Born from volcanic activity approximately 30 million years ago, Paul Bunyans Woodpile is a unique geologic feature in Juab County, central Utah. Looking like a series of colossal woodpiles stacked up neatly by a giant (in this case Paul Bunyan), this site is a relic of Utah’s volcanic past.
A volcano, similar to the large composite or stratovolcanos of the modern Cascade Range in the Pacific Northwest, was active in the vicinity of Paul Bunyans Woodpile. This volcano became inactive and later collapsed, forming a caldera or a large hole approximately 8.5 miles in diameter and more than 3,000 feet deep. After a brief period of dormancy, the volcano became active within the caldera for a brief period of time.
Recent work conducted by Brigham Young University indicates that the Woodpile may be a series of numerous dikes, probably the result of this later volcanic activity. Dikes are composed of an igneous rock and are oriented vertically. They form when magma is injected into preexisting cracks or fissures and later cools under the ground surface.
The Woodpile is a classic example of columnar jointing where the rock fractures in prismatic patterns, producing parallel columns. These columns form when cooling magma within the dike contracts, forming cracks similar to those on the surface of a cooling cake. Once a crack forms, it continues to grow from subsurface cooling, thereby forming longer and longer columns.

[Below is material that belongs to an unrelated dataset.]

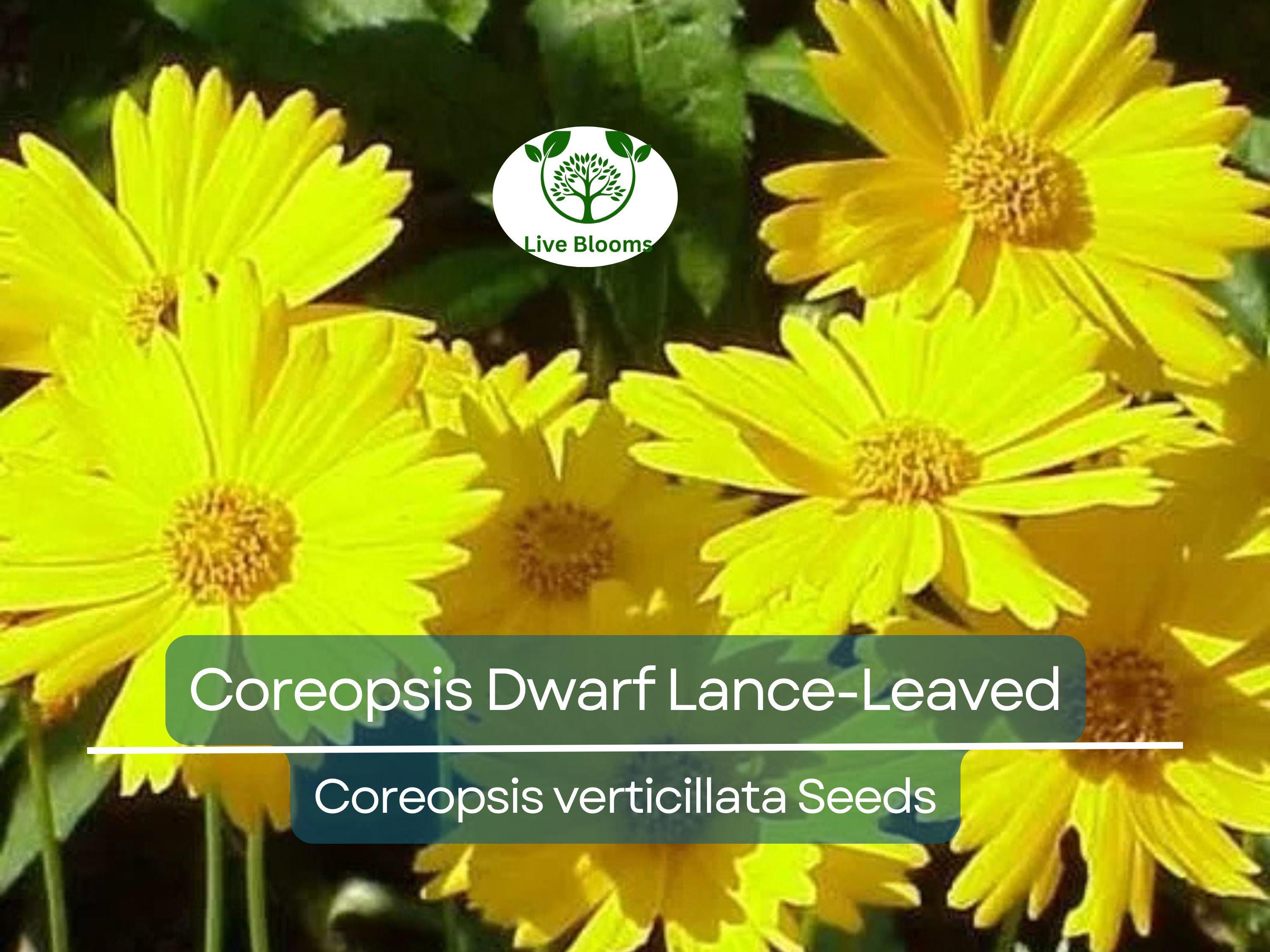 500 Seeds Coreopsis Dwarf Lance-Leaved Tickseed Perennial Non-GMO Butterflies Flower, Coreopsis verticillata, Yellow Garden Plants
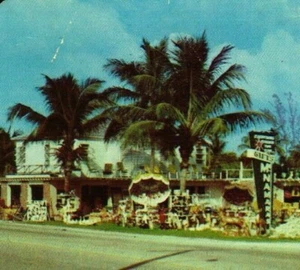 Business Card McNamara's Gift Shop Florida FL Roadside View - Picture 1 of 3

Each column at Paul Bunyans Woodpile is approximately 1 foot in diameter and up to 15 feet in length. The columns are three to seven sided depending on slight variations in how the lava cooled. These columns are oriented horizontally and give the appearance of having been tilted on their sides.
Normally, columnar jointing is associated with lava flows, and the joints are oriented vertically. However, the horizontal orientation here appears to be the result of subsurface cooling from the sides inward to the middle of the dikes.
The Woodpile is also home to an arch. This arch was created by a process known as frost action, which involves expansion and contraction associated with repeated cycles of freezing and thawing. In this process, water enters cracks in the rock and freezes; the expanding ice creates separation along the cracks. Eventually the rock will break off, creating holes in a rock outcrop.
The estimated span of the arch is 20 feet long by 4 feet high. This arch can be seen by hiking farther up the trail and viewing the Woodpile from the side.
How to get there:
From Salt Lake City, travel south on I-15 to Santaquin (exit 248). Turn right (west) at the end of the off ramp onto U.S. Route 6. Travel west and then south on U.S. Route 6 for 35.7 miles to a sign indicating Paul Bunyans Woodpile turnoff. Turn left (east) and proceed up the road for 3.2 miles to the trail head to the Woodpile.
This stretch of road can be quite rough so proceed with caution. Do not attempt when the road is wet. Once at the trail head, proceed through the gate and hike approximately 0.5 miles to the Woodpile. Make sure you close the gate after you. The trail is well marked and a relatively easy hike. Bring plenty of water and sunscreen.
Lynndyl 1:100,000-scale topographic map, Tintic Mountain 1:24,000-scale topographic map, and a Utah highway map.